- If you liked the title of this post, then you clearly like marijuana.
- You might be looking for an alternative to smoking it, whether for necessity, desire or simply out of curiosity. Maybe you’d like to share it with your non-smoking friends.
- Whatever the reason is, cooking with cannabis is indeed an interesting and simple option.
However, if in addition to liking marihuana, you like cooking, we predict very happy times for you. The combination of both likings usually brings about extraordinary results, doubling the pleasure you get from exquisite food and an epic high.

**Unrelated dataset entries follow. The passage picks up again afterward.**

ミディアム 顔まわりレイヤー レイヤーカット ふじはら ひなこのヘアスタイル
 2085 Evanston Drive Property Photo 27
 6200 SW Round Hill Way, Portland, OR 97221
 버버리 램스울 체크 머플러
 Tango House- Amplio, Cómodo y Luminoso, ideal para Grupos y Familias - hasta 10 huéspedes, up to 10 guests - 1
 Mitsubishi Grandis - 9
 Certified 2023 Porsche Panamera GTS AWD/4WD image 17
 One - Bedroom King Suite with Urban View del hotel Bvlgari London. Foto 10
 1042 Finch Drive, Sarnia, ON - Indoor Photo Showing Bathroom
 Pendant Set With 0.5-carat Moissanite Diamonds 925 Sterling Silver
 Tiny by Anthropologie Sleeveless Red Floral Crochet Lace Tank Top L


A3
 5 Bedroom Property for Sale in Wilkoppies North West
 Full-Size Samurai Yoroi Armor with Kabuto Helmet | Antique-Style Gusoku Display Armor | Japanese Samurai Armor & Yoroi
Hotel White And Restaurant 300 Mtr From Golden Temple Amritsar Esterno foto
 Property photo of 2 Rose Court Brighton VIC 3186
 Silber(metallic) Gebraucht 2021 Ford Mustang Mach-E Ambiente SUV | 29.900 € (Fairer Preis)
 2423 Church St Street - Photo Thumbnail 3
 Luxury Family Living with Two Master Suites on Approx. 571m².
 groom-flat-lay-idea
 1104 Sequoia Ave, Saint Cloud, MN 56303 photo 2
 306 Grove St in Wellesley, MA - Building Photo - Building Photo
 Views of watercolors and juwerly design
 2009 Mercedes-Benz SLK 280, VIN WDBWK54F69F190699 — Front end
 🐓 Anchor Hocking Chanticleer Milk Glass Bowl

In order to become a real cannabis chef, the only valid way is to practice for hours and hours, working and testing, until you achieve perfection. Given that no one is born knowing, learning is usually dotted with mistakes and disasters. No worries. But if you are set on embarking on this dual art, you should read these tips before donning an apron.
1. To get started
Remember that marijuana is fat-soluble and not water-soluble. In order for it to release the THC it contains – and so it has an effect – you need to heat and mix it with some kind of fat – oil, butter or other dairy products. Marijuana teas don't do anything. The easiest thing to do is to previously prepare marijuana oil or butter, and then use these in recipes. But, in any case, forget about British cooking – boiling in water. If this is not clear enough, imagine two plates of pasta; one, with spaghetti Bolognese and oregano – this latter substituted with marijuana – To sprinkle it over the already-cooked dish won't work. However, think of the second option: Pesto alla Genovese, exchanging the basil for the marijuana- That would be a star dish to be cooked with cannabis.
2. Weights and measurements
Now that you know about the specific behaviour of marijuana in the kitchen, the rest is culinary know-how. Like any chef worth his salt, you should measure the amounts of food you use in your recipes. Since you are going to involve guests in your experiments – a.k.a. "guinea pigs" – don't be a monster. Use half a gram per person if you are using buds or two grams if you are using trimmings. It's prudent and enough for a good starting point. Later on, you may adjust proportions to your most frequent guests' bodies. Like any chef, use the kitchen scale. It's an essential instrument.
And remember that not all types of marijuana are the same, nor do they have the same potency, so any advice regarding quantity is strictly an approximation. You'll learn to calculate with time.
Even though THC needs to be heated to be released, overheating it can degrade certain cannabinoids, so you should cook for longer periods at temperatures below 170º C. And, even though you don't need the following tip, considering that you're an aspiring chef… Don't use the microwave!
4. The importance of flavour
Test and improve your cannabis recipes. If you are going to serve a meal, you should make sure that what you serve not only gets you high, but also tastes good. The experience will be much more positive. Pot works a little like oregano, basil or sage in the kitchen. It goes well with other herbs and if you use it in the form of butter, it doesn't overwhelm or dominate over other flavours.
5. The right moment
I wouldn't cook with marijuana for a Christmas dinner, even though it could work well for all of us at family gatherings. It is important to choose the right occasions wisely, especially if you are going to have beginners over. Make sure you organize them in comfortable places where people can relax, and with enough time to enjoy the experience.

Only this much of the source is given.